__Task objective__. The full listing, copied exactly and free of pictures, is the expected reply.

__Data provided__.
* * * *

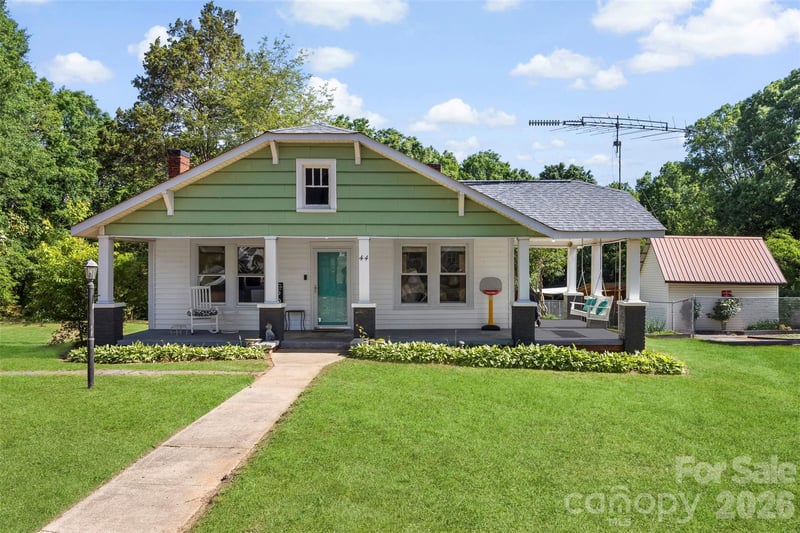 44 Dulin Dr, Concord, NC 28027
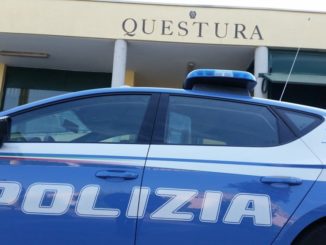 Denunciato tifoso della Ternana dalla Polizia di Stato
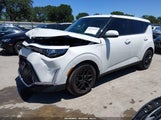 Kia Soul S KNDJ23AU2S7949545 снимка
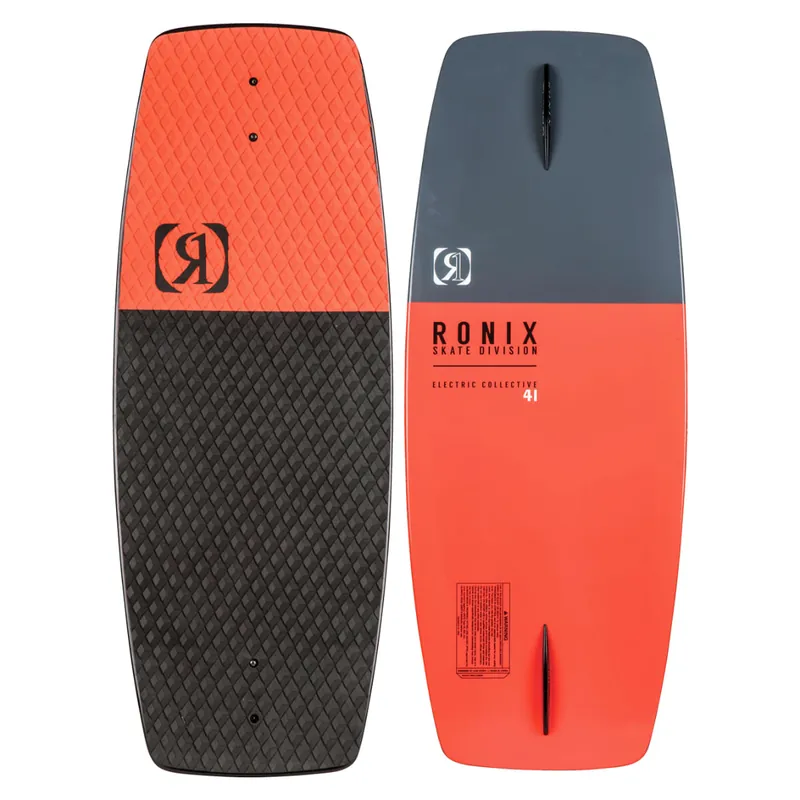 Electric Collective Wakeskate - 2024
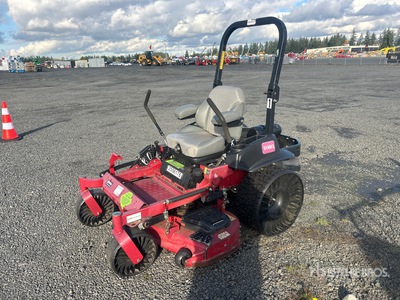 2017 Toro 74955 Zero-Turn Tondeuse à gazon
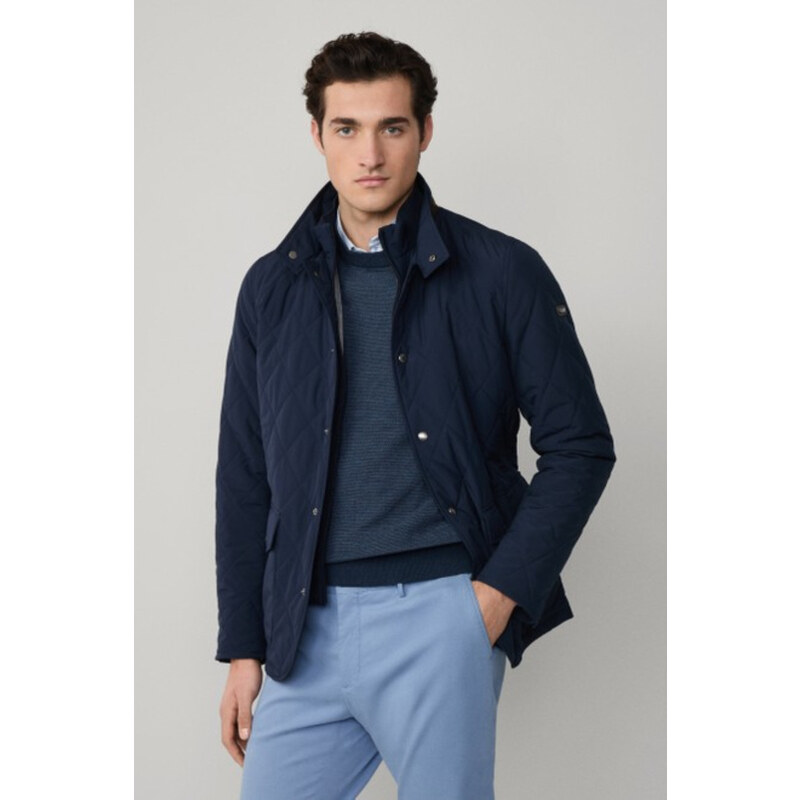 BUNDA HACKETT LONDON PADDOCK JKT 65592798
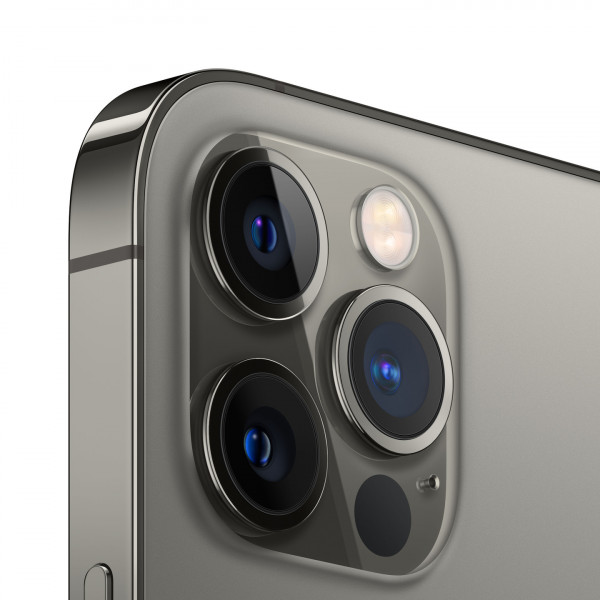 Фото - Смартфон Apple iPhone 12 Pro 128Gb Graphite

* * * *

__Written answer__.
 44 Dulin Dr, Concord, NC 28027
 Denunciato tifoso della Ternana dalla Polizia di Stato
 Kia Soul S KNDJ23AU2S7949545 снимка
 Electric Collective Wakeskate - 2024
 2017 Toro 74955 Zero-Turn Tondeuse à gazon
 BUNDA HACKETT LONDON PADDOCK JKT 65592798
 Фото - Смартфон Apple iPhone 12 Pro 128Gb Graphite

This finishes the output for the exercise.